Spread your oat mixture on a prepared cookie sheet. I use a silicone mat because it will
need to be stirred a couple of times and that way I don’t risk up-turning
parchment or ripping aluminum foil, but either are a fine substitution,
particularly if you’re more graceful than I am.
Pop the sheet in the oven and reduce the heat to 300 F. After 15 minutes, add your chopped
dates and stir to combine. Return
your cookie sheet to the oven for 10 minutes. Add coconut flakes and stir to combine. Your kitchen will smell like heaven, so
don’t make granola when you’re hungry. At this point, set a timer for 10 more minutes and check
it again.
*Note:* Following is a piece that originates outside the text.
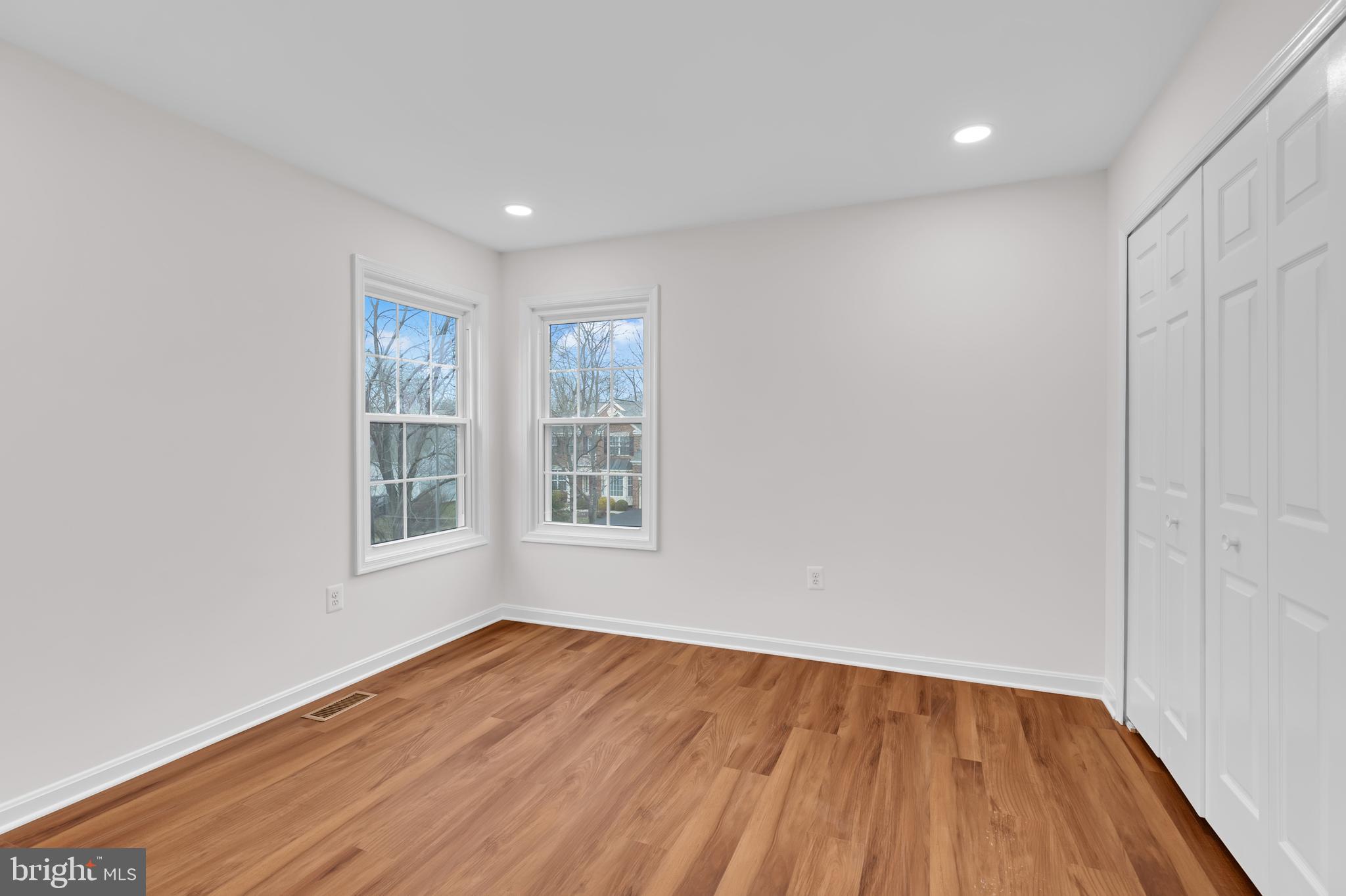 BRIDLEWOOD - Residential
You’re watching the
coconut – you want it to have turned a slight golden brown at the edges. My total cooking time is usually 40
minutes, but you may find you want your granola more or less toasty – feel free
to adjust to your liking.
Remove the cookie sheet from the oven and leave it alone to
cool – no mixing. This is when
your tasty little nuggets are formed.
When it’s completely cool, transfer to a container, where it will remain
fresh for about a week.
This recipe doubles well, however, you'll have to mix about half way through the initial baking time and it will be a bit cumbersome.
My serving preference is to use it to top some hearty Greek yogurt and I like to add a little wheat germ and/or flax seeds to my
bowl. I used to include them in
the recipe itself, but too often I’d find them resting at the bottom of the
container at the end of the week.
Finally, it’s just come to my attention that I have a
massive international readership (thank you, five to ten people in England, one
person in Germany, and hello, South Africa!) so I need to move away from crazy
American measurements and include weights. None of this “cups” shenanigans. Check back in on this recipe the same time tomorrow – I need
to get batteries for my scale and then I’ll update this post.